Details of the transfer
The details of the transfer and in particular the special categories of personal data where applicable are specified in Appendix 1 which forms an integral part of the Clauses.
Third-party beneficiary clause
1.The data subject can enforce against the data exporter this Clause, Clause 4(b) to (i), Clause 5(a) to (e), and (g) to (j), Clause 6(1) and (2), Clause 7, Clause 8(2), and Clauses 9 to 12 as third-party beneficiary.
2.The data subject can enforce against the data importer this Clause, Clause 5(a) to (e) and (g), Clause 6, Clause 7, Clause 8(2), and Clauses 9 to 12, in cases where the data exporter has factually disappeared or has ceased to exist in law unless any successor entity has assumed the entire legal obligations of the data exporter by contract or by operation of law, as a result of which it takes on the rights and obligations of the data exporter, in which case the data subject can enforce them against such entity.
3.The data subject can enforce against the sub-processor this Clause, Clause 5(a) to (e) and (g), Clause 6, Clause 7, Clause 8(2), and Clauses 9 to 12, in cases where both the data exporter and the data importer have factually disappeared or ceased to exist in law or have become insolvent, unless any successor entity has assumed the entire legal obligations of the data exporter by contract or by operation of law as a result of which it takes on the rights and obligations of the data exporter, in which case the data subject can enforce them against such entity. Such third-party liability of the sub-processor shall be limited to its own processing operations under the Clauses.

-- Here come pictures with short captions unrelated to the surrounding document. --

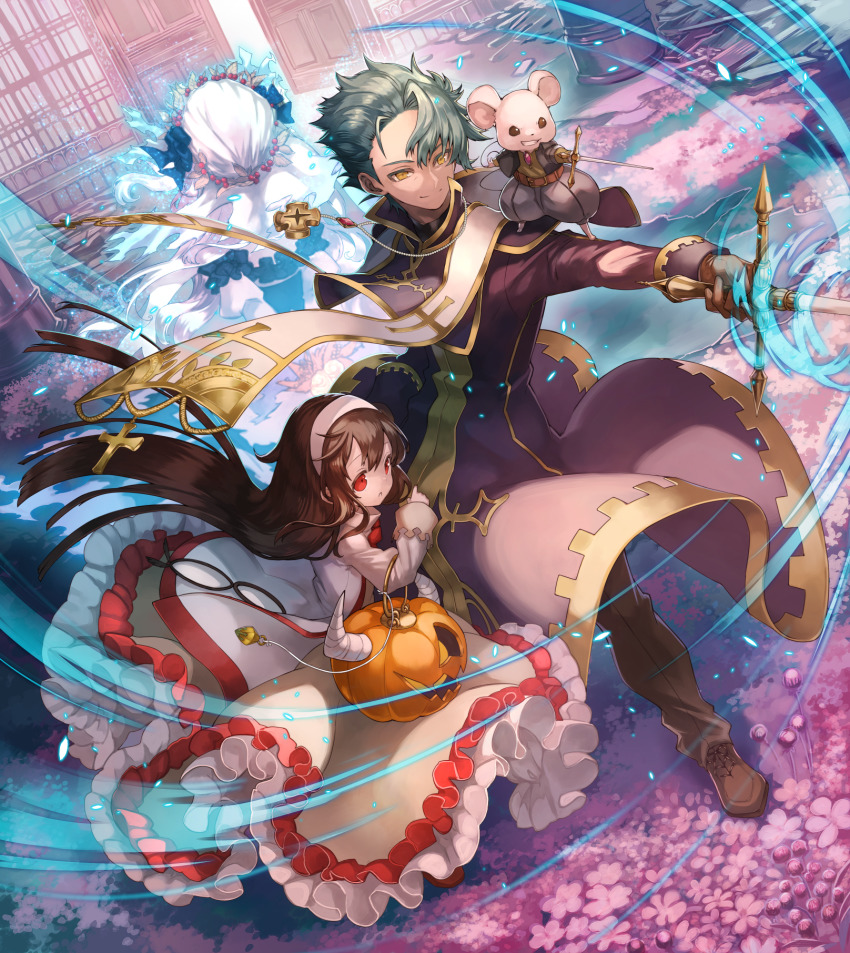 1boy, 1other, 2girls, :o, aqua_hair, asymmetrical_bangs, back-to-back, baggy_pants, black_eyes, black_hair, black_jacket, black_pants, blunt_ends, bow, bowtie, brooch, brown_footwear, brown_jacket, brown_shirt, closed_mouth, column, commentary_request, cosette_(merc_storia), cross, cross_necklace, door, dress, dutch_angle, eleanor_(merc_storia), father_and_child, father_and_daughter, flower, frilled_dress, frills, furry, ghost, gold_trim, grin, hairband, highres, holding, holding_sword, holding_weapon, husband_and_wife, indoors, jack-o'-lantern, jacket, jeantol, jewelry, layered_dress, long_hair, long_jacket, looking_away, magic, merc_storia, mito_itsuki, mother_and_child, mother_and_daughter, mouse_(animal), multiple_girls, necklace, no_sclera, open_mouth, pants, parent_and_child, pillar, poppy_(flower), priest, rapier, red_bow, red_eyes, red_neckwear, ruins, shirt, smile, smug, squeak_(merc_storia), stole, sword, very_long_hair, weapon, white_dress, white_hairband, white_headwear, wind, window, yellow_eyes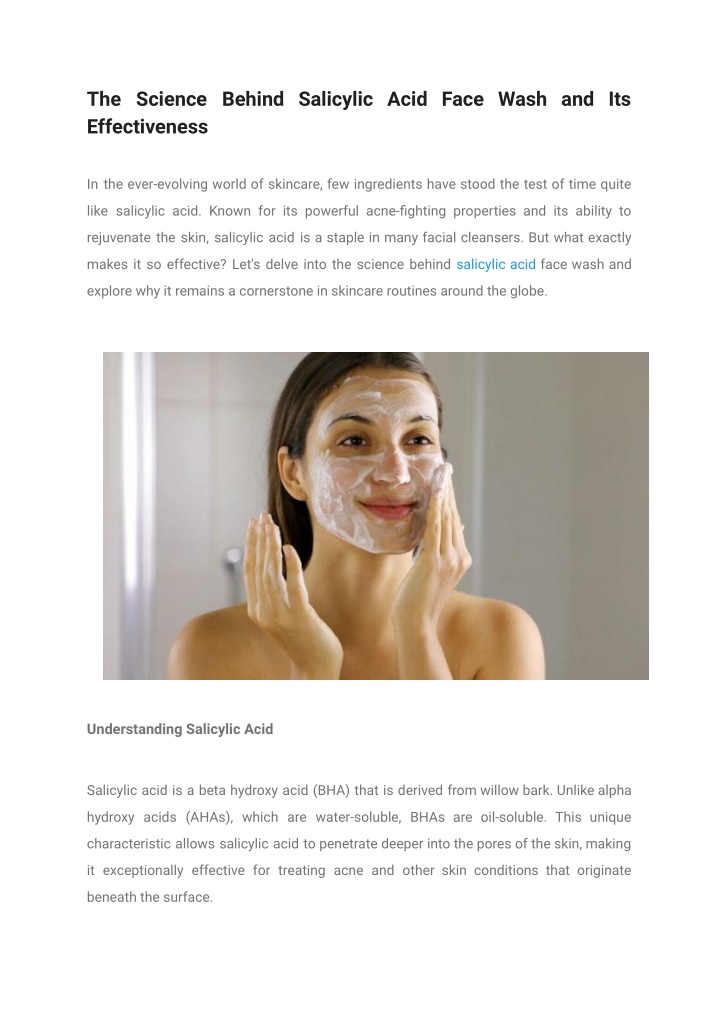 the science behind salicylic acid face wash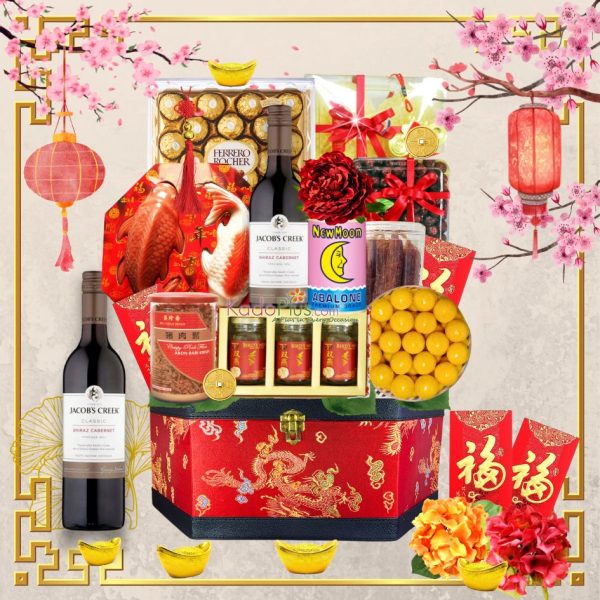 parcel imlek, chinese new year hamper Jakarta Indonesia. Chinese new year bird nest hamper. Royal Fortunes 1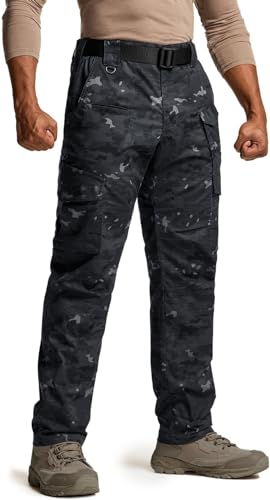 CQR Herren Taktische Hose, Wasserabweisende Ripstop-Cargohose, leichte EDC-Wandernhose, Outdoorbekleidung, Tlp762 1pack - Utility Camo Black, 34W / 32L von CQR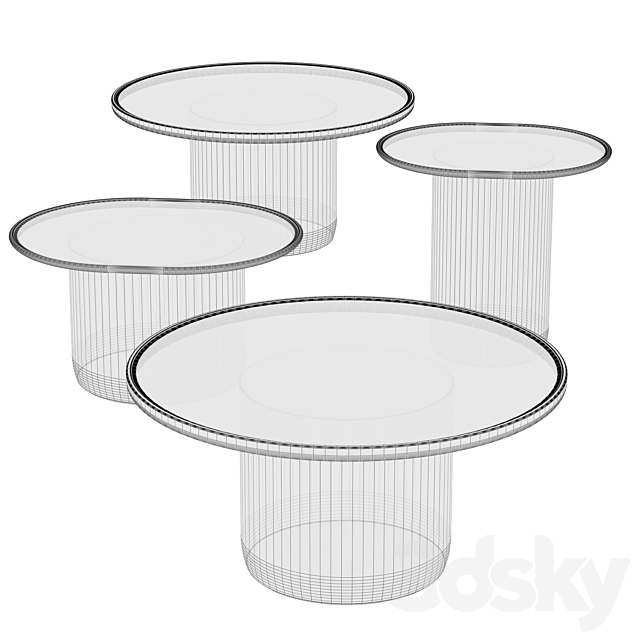 Button Tables set by B&B Italia 3DS Max Model - thumbnail 3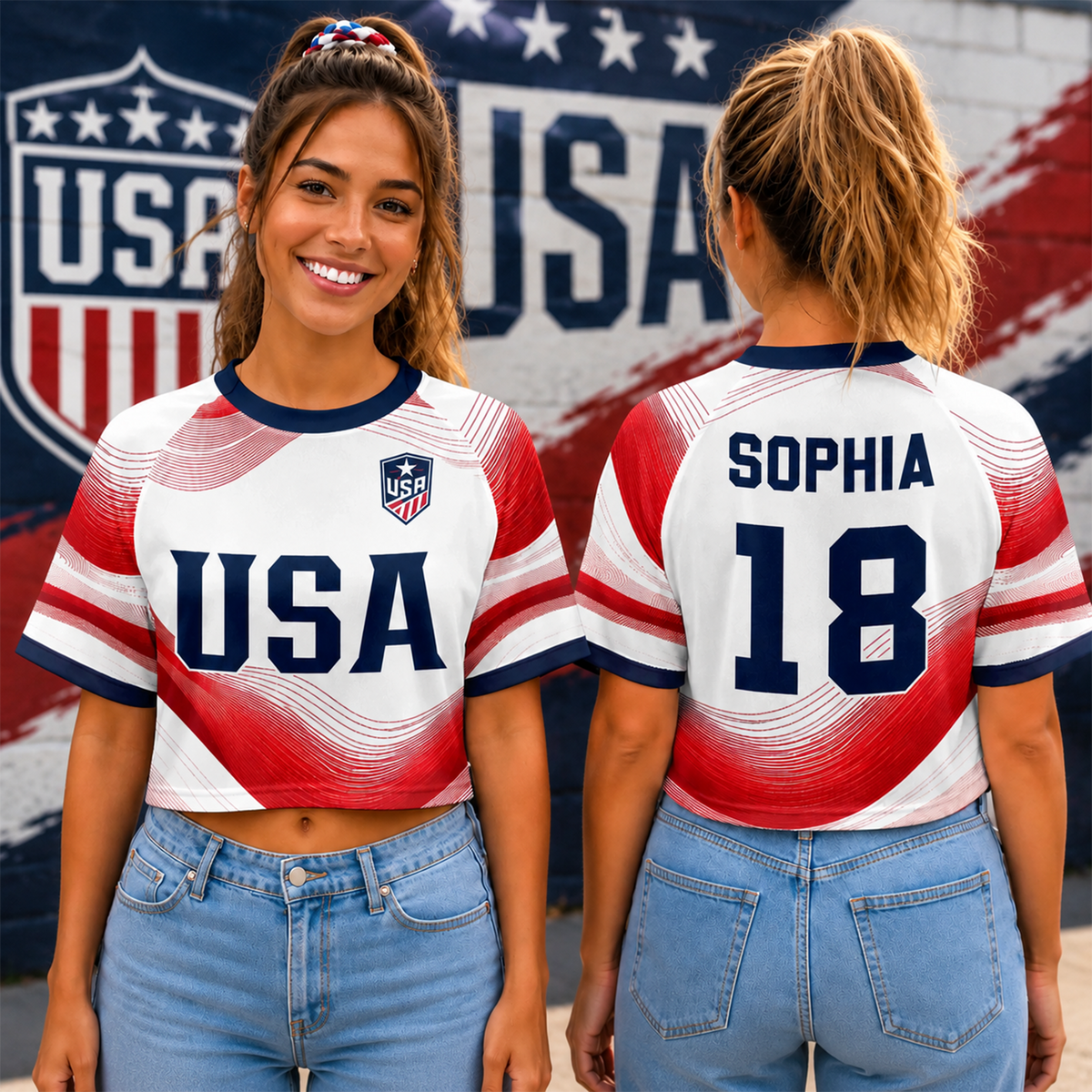 Custom Women's USA World Football Jersey Crop Tee TH10 170371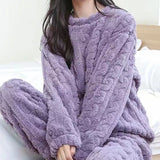 Women's 2-Piece Velvet Fleece Set | Warm Pullover & Pants Loungewear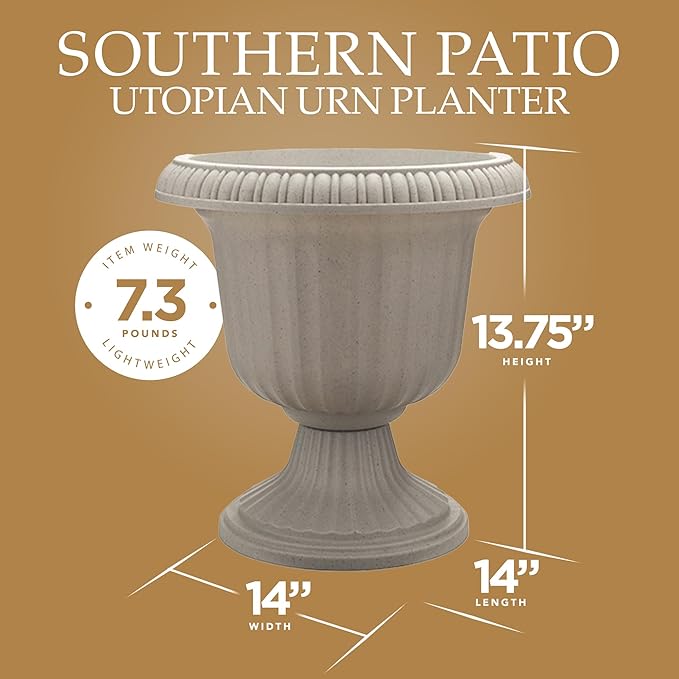 Southern Patio 14 Inch Large Outdoor Home Lightweight Plastic Utopian Urn Flower Planter Pot for Entryways and Backyard Patios, Stone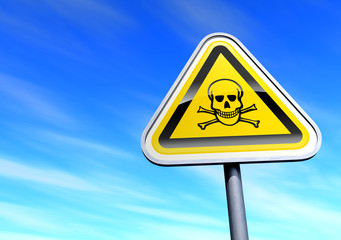 Danger skull sign against the blue sky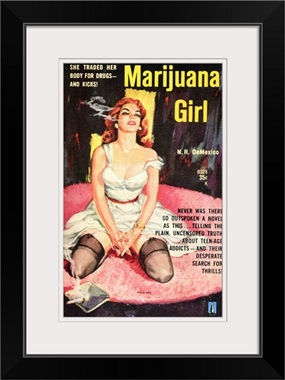 Vintage 1950's Marijuana Girl Novel Advertising Advertisement Poster Re-Print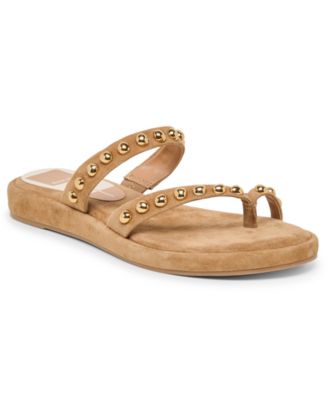 Women's Amary Strappy Studded Toe Thong Flat Sandals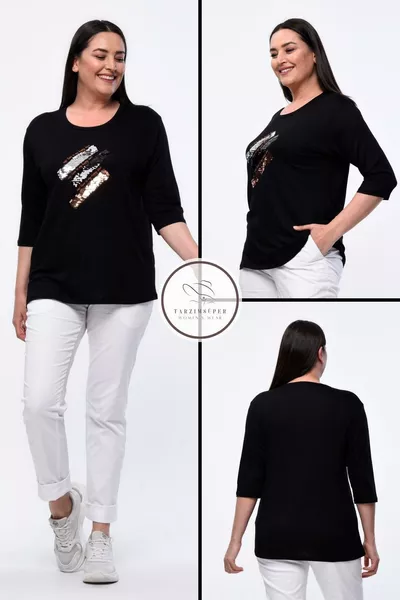 Plus Size New Season Comfortable Model Half-Sleeve Sequin Embroidered Blouse for Moms, Suitable for All Seasons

4.The parties do not object to a data subject being represented by an association or other body if the data subject so expressly wishes and if permitted by national law.
Obligations of the data exporter
The data exporter agrees and warrants:
(a)that the processing, including the transfer itself, of the personal data has been and will continue to be carried out in accordance with the relevant provisions of the applicable data protection law (and, where applicable, has been notified to the relevant authorities of the Member State where the data exporter is established) and does not violate the relevant provisions of that State;
(b)that it has instructed and throughout the duration of the personal data-processing services will instruct the data importer to process the personal data transferred only on the data exporter’s behalf and in accordance with the applicable data protection law and the Clauses;
(c)that the data importer will provide sufficient guarantees in respect of the technical and organisational security measures specified in Appendix 2 to this contract;
(d)that after assessment of the requirements of the applicable data protection law, the security measures are appropriate to protect personal data against accidental or unlawful destruction or accidental loss, alteration, unauthorised disclosure or access, in particular where the processing involves the transmission of data over a network, and against all other unlawful forms of processing, and that these measures ensure a level of security appropriate to the risks presented by the processing and the nature of the data to be protected having regard to the state of the art and the cost of their implementation;
(e) that it will ensure compliance with the security measures;
(f)that, if the transfer involves special categories of data, the data subject has been informed or will be informed before, or as soon as possible after, the transfer that its data could be transmitted to a third country not providing adequate protection within the meaning of Directive 95/46/EC;
(g)to forward any notification received from the data importer or any sub-processor pursuant to Clause 5(b) and Clause 8(3) to the data protection supervisory authority if the data exporter decides to continue the transfer or to lift the suspension;
(h)to make available to the data subjects upon request a copy of the Clauses, with the exception of Appendix 2, and a summary description of the security measures, as well as a copy of any contract for sub-processing services which has to be made in accordance with the Clauses, unless the Clauses or the contract contain commercial information, in which case it may remove such commercial information;
(i)that, in the event of sub-processing, the processing activity is carried out in accordance with Clause 11 by a sub-processor providing at least the same level of protection for the personal data and the rights of data subject as the data importer under the Clauses; and
(j) that it will ensure compliance with Clause 4(a) to (i).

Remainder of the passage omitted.